[RFC PATCH 3/4] mm: soft-offline: retry to split and soft-offline the raw error if the original THP offlining fails.

[Date Prev][Date Next][Thread Prev][Thread Next][Date Index][Thread Index]

 



From: Zi Yan <zi.yan@xxxxxxxxxxxxxx>

For THP soft-offline support, we first try to migrate a THP without
splitting.
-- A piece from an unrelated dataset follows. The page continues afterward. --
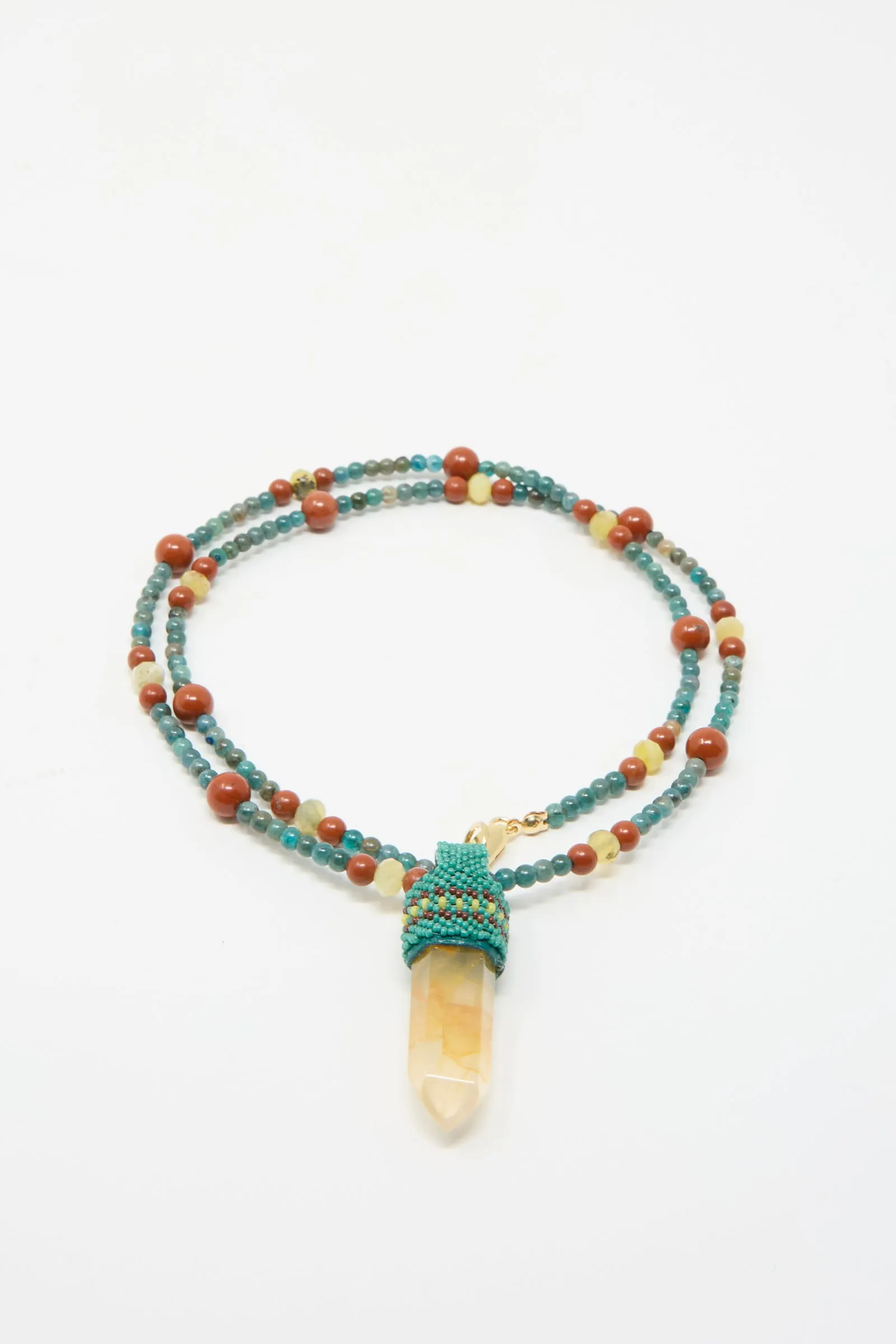 Long Pendulum Necklace in Apatite, Red Jasper, Olive Opal Beads and Quartz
If the migration fails, we split the THP and migrate the
raw error page.

migrate_pages() does not split a THP if the migration reason is
MR_MEMORY_FAILURE.

Signed-off-by: Zi Yan <zi.yan@xxxxxxxxxxxxxx>
---
 mm/memory-failure.c | 77 +++++++++++++++++++++++++++++++++++++----------------
 mm/migrate.c        | 16 +++++++++++
 2 files changed, 70 insertions(+), 23 deletions(-)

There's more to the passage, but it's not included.